=== Entries provided ===

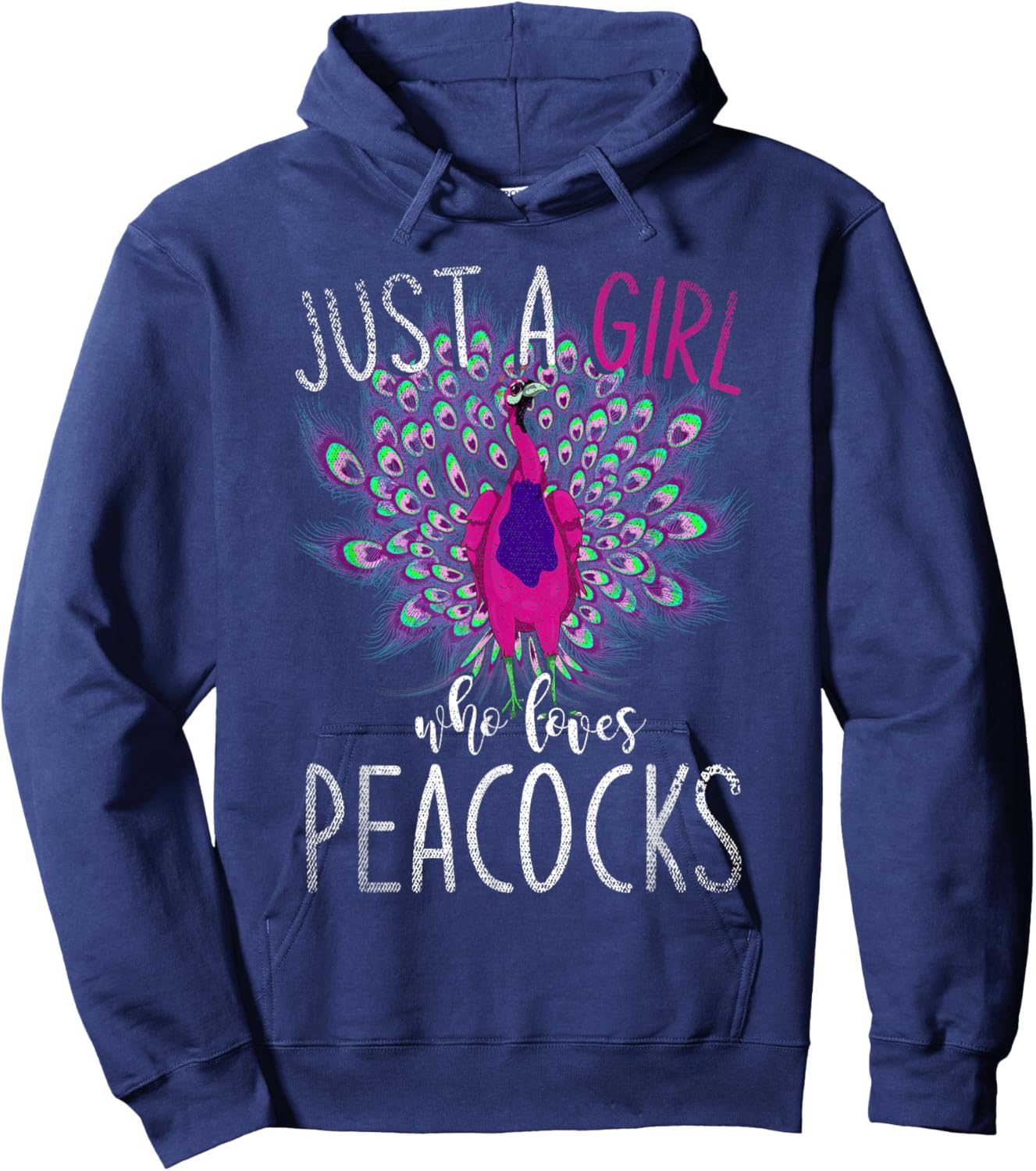 Just A Girl Who Loves Peacocks Zoo Animal Bird Women Peacock Hoodie - Hoodie | Navy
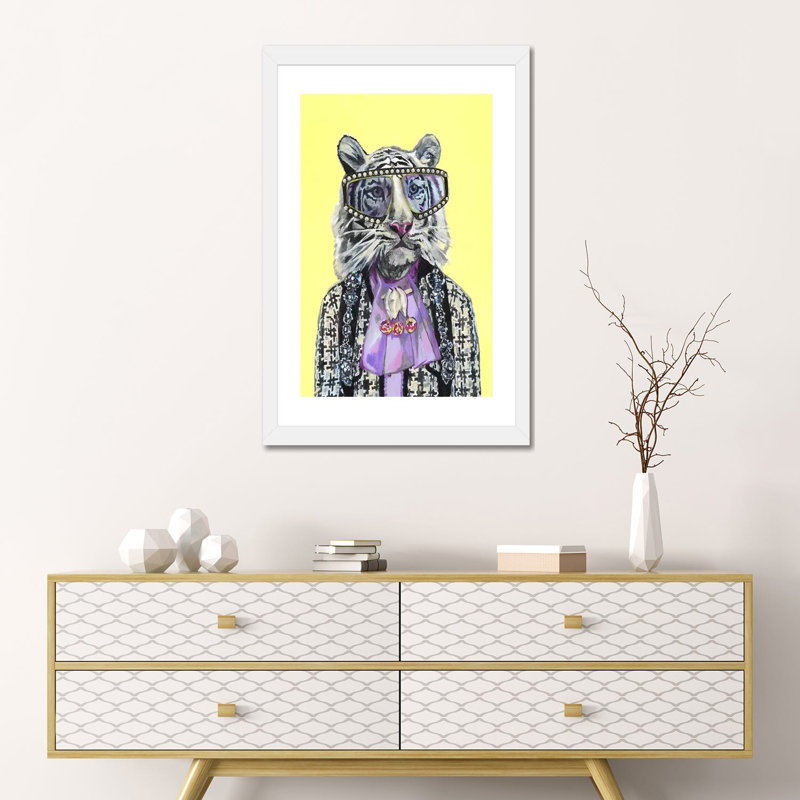 Tigre blanc par Heather Perry - imprimé, Papier encadré blanc, Blanc, H 24 po x l 16 po x P 1 po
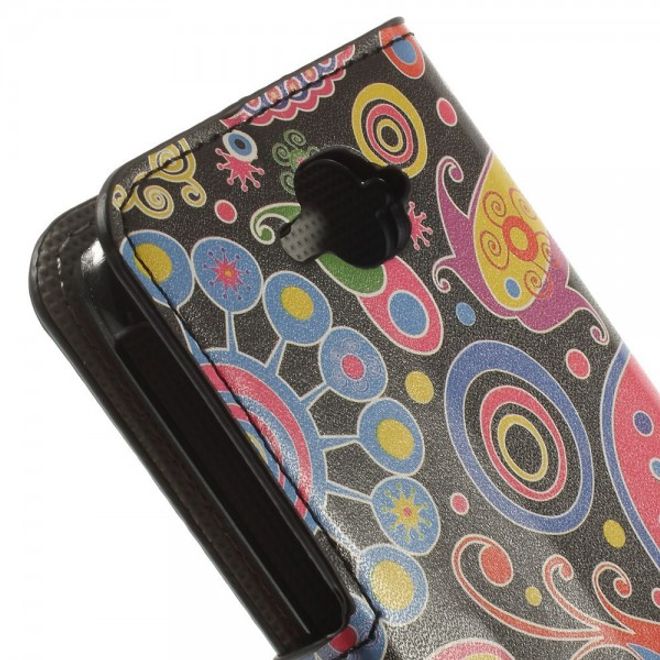 Alcatel One Touch Pop C7 Leder Case mit farbigem Muster - schwarz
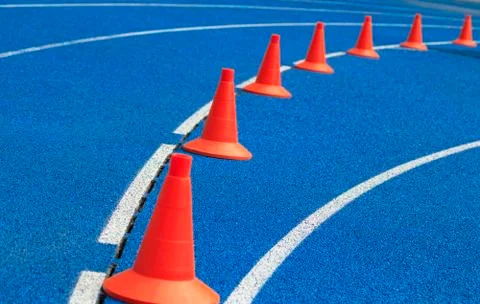 Treadmill at the stadium Stock Photos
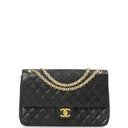 Chanel Vintage Timeless Classic Medium Double Flap Bag In Black Quilted Lambskin With 24K Gold-Plated Hardware And Mademoiselle Chain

===

Skipping all images, print the data above a second time exactly.

 Just A Girl Who Loves Peacocks Zoo Animal Bird Women Peacock Hoodie - Hoodie | Navy
 Tigre blanc par Heather Perry - imprimé, Papier encadré blanc, Blanc, H 24 po x l 16 po x P 1 po
 Alcatel One Touch Pop C7 Leder Case mit farbigem Muster - schwarz
 Treadmill at the stadium Stock Photos
 Chanel Vintage Timeless Classic Medium Double Flap Bag In Black Quilted Lambskin With 24K Gold-Plated Hardware And Mademoiselle Chain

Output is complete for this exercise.